Xu Xing a été l’un des écrivains « iconiques » de la Chine des années 1980, exilé en Allemagne pour avoir participé aux événements de Tian’anmen en 1989, ce qui n’a fait que renforcer son aura d’écrivain « maudit » dont on a beaucoup parlé. Après son retour en Chine en 1993, il s’est consacré à un thème quasiment unique : témoigner des victimes anonymes de la Révolution culturelle. Et il a choisi de le faire à travers le documentaire.

 

Liberté d’abord

 

Xu Xing est né à Pékin en 1956, et il avait donc dix ans au début de la Révolution culturelle, qui l’a particulièrement affecté.

 

Les traumatismes de la Révolution culturelle

 

Xu Xing

 

En effet, ses parents ont été tous les deux déportés en 1967 : son père a été interné dans un camp au Hebei, et sa mère envoyée dans les montagnes du Gansu.
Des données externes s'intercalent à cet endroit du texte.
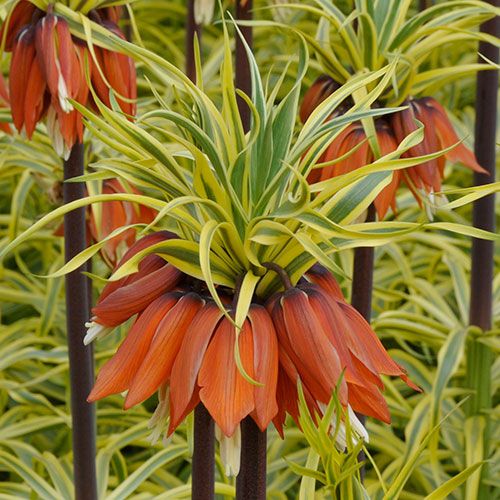 Fritillaria imperialis 'Aureomarginata'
Comme beaucoup d’autres enfants à l’époque, Xu Xing s’est donc retrouvé seul à Pékin à l’âge de onze ans [1], nourri par un voisin qui tenait un petit restaurant et auquel sa mère avait promis d’envoyer une partie de ce qu’elle gagnerait pour qu’il s’occupe de son fils.

 

Tous les ans, ensuite, il a fait le voyage au Gansu, comme un pèlerinage, pour aller voir sa mère. Sa scolarité, dans ces conditions, a été plutôt erratique.

 

A seize ans, en 1972, tombé amoureux, il s’épanche dans une lettre où il racontait ses voyages, mais exprimait aussi son amertume et ses doutes sur la Révolution culturelle. Effrayée, l’étudiante montre la lettre à son professeur d’éducation politique, et Xu Xing écope d’une peine de quarante jours de prison[2].

 

C’est à cet incident traumatisant qu’il fait allusion de façon cryptique dans l’interview publiée à la fin du recueil « Et tout ce qui reste est pour toi » quand il dit :

我从小不是好学生,乖孩子,十六岁时成了不良少年。

: « Je n’ai jamais été ni un bon élève, ni un enfant sage, et à seize ans je suis devenu un jeune à problème. »

 

Il est revenu sur cet épisode marquant de sa vie une trentaine d’année plus tard, dans son documentaire « Ma Révolution Culturelle ». Il a raconté la suite : l’ancienne étudiante à laquelle était destinée la lettre a vu le documentaire, aux Etats-Unis où elle s’était installée ; elle est rentrée en Chine, pour rencontrer Xu Xing, et lui exprimer ses regrets…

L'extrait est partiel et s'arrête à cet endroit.